**WHAT NEEDS TO BE DONE**
All lines in the records below from the line with "Christie Brinkley The Pony" through the line with "Oiasso museoak uda" are to be given again exactly, both ends included; the pictures are to be left out.

**AVAILABLE RECORDS**
-- -- --

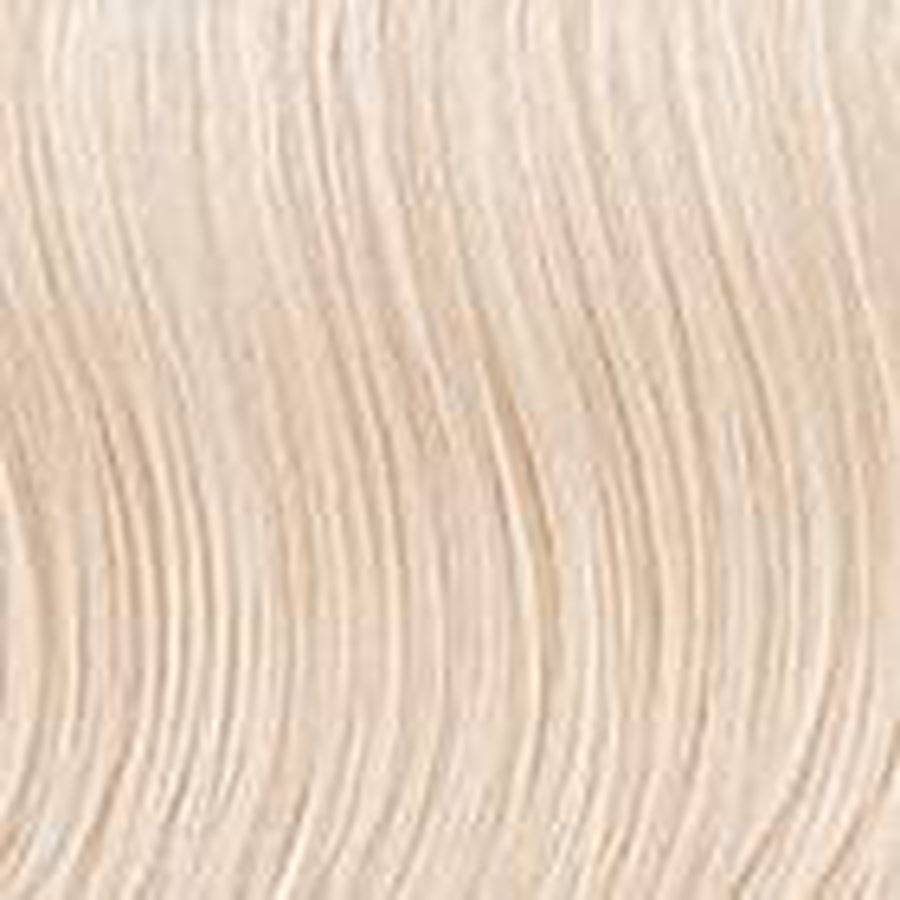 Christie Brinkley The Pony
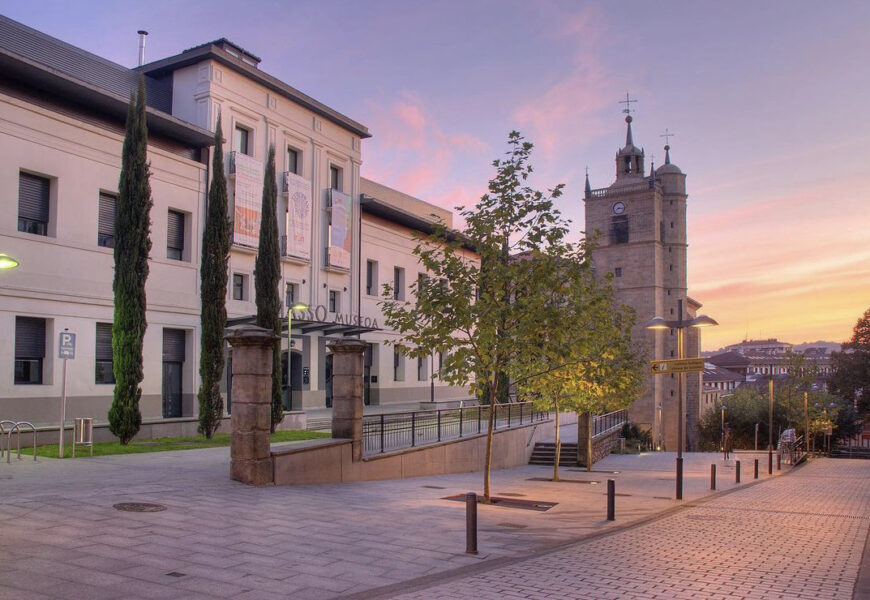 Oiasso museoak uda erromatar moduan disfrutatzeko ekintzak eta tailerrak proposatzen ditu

-- -- --

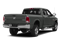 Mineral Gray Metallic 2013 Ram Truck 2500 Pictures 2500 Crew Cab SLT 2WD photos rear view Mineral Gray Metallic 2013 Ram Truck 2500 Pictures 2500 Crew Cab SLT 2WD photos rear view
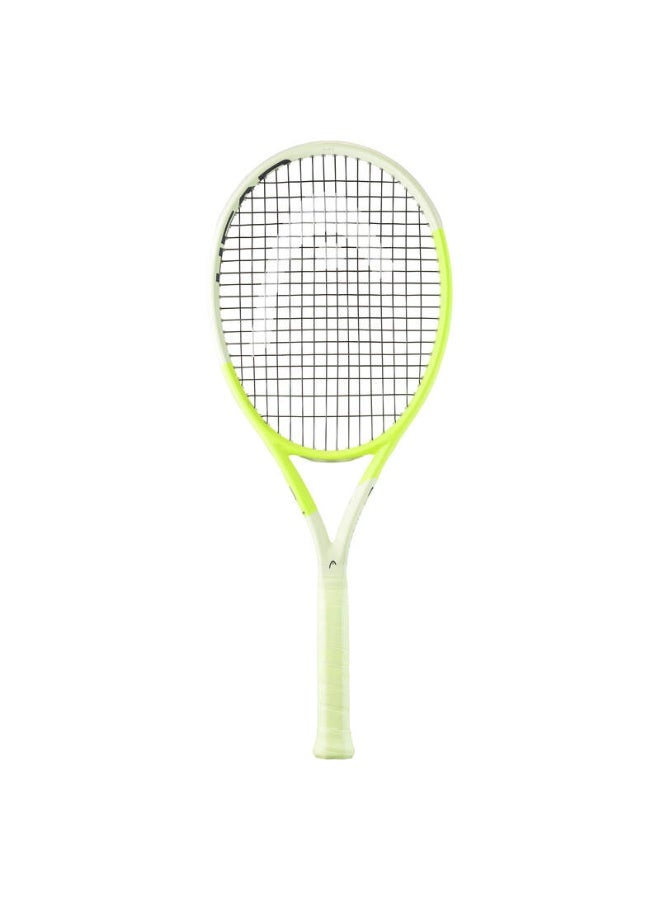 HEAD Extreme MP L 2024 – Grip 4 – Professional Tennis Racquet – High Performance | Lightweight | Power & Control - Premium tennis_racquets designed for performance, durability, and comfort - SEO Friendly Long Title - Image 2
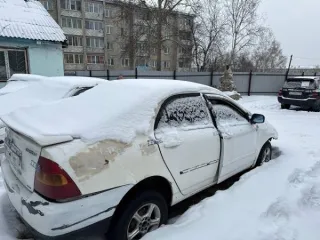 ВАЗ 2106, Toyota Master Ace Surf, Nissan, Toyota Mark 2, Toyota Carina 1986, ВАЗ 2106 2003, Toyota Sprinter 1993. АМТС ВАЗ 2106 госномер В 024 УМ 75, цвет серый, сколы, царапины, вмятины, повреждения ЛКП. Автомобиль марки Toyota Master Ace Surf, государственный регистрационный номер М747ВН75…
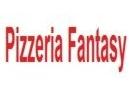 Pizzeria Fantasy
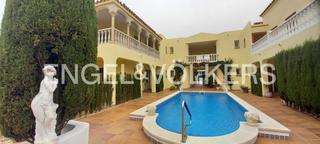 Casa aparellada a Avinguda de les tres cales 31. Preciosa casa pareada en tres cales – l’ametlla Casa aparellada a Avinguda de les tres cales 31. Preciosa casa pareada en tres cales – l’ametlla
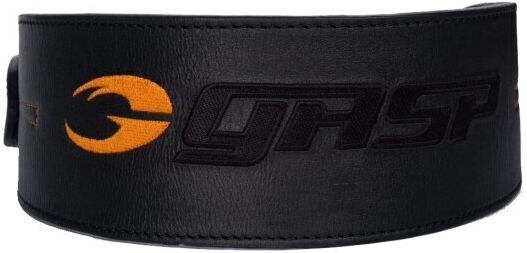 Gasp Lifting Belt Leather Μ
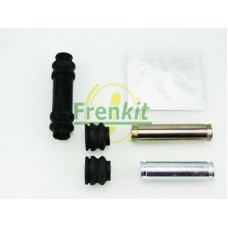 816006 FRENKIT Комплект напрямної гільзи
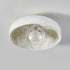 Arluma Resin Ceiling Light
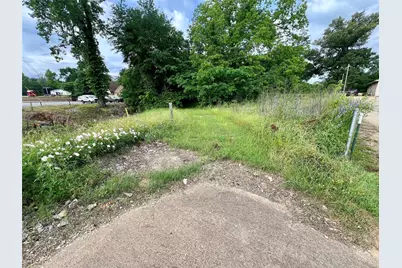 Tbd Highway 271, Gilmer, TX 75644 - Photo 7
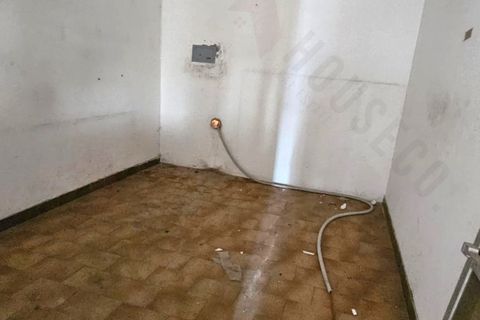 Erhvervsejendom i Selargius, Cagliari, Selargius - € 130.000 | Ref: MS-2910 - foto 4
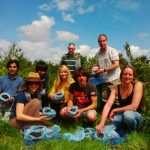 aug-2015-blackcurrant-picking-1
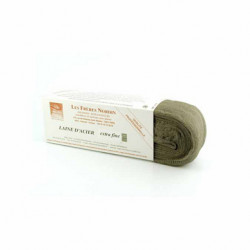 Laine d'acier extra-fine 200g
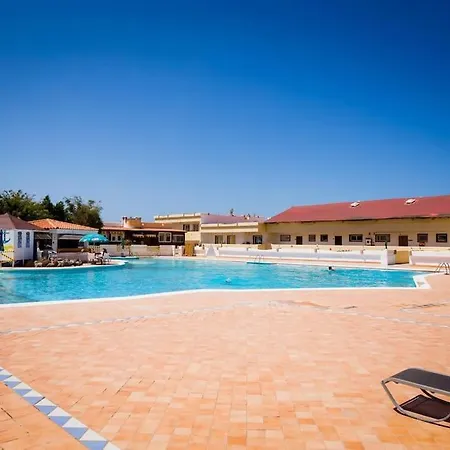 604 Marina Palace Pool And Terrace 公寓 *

-- -- --

**ANSWER**
 Christie Brinkley The Pony
 Oiasso museoak uda erromatar moduan disfrutatzeko ekintzak eta tailerrak proposatzen ditu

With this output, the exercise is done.